AVAILABLE DATA →
<<<<

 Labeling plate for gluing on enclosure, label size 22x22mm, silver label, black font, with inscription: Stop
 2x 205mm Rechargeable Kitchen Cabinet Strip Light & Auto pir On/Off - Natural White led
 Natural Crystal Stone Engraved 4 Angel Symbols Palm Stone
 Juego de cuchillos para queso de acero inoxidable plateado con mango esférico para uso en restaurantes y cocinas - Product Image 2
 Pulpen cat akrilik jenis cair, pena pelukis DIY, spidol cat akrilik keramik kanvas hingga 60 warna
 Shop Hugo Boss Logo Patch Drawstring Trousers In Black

>>>>
<<<<

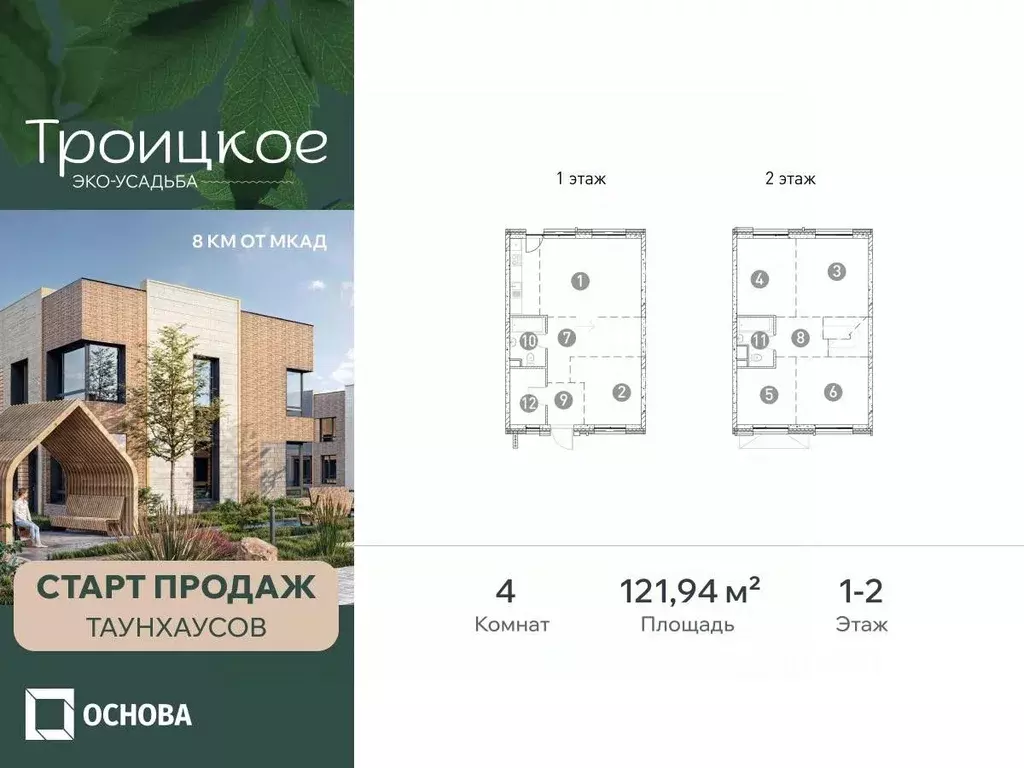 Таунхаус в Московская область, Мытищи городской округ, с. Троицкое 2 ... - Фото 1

>>>>

WHAT IS EXPECTED →
Out of the data above, transcribe exactly and only the lines starting with the line that has "Juego de cuchillos" and going on through the line that has "Shop Hugo Boss", both included.

WORKED SOLUTION →
 Juego de cuchillos para queso de acero inoxidable plateado con mango esférico para uso en restaurantes y cocinas - Product Image 2
 Pulpen cat akrilik jenis cair, pena pelukis DIY, spidol cat akrilik keramik kanvas hingga 60 warna
 Shop Hugo Boss Logo Patch Drawstring Trousers In Black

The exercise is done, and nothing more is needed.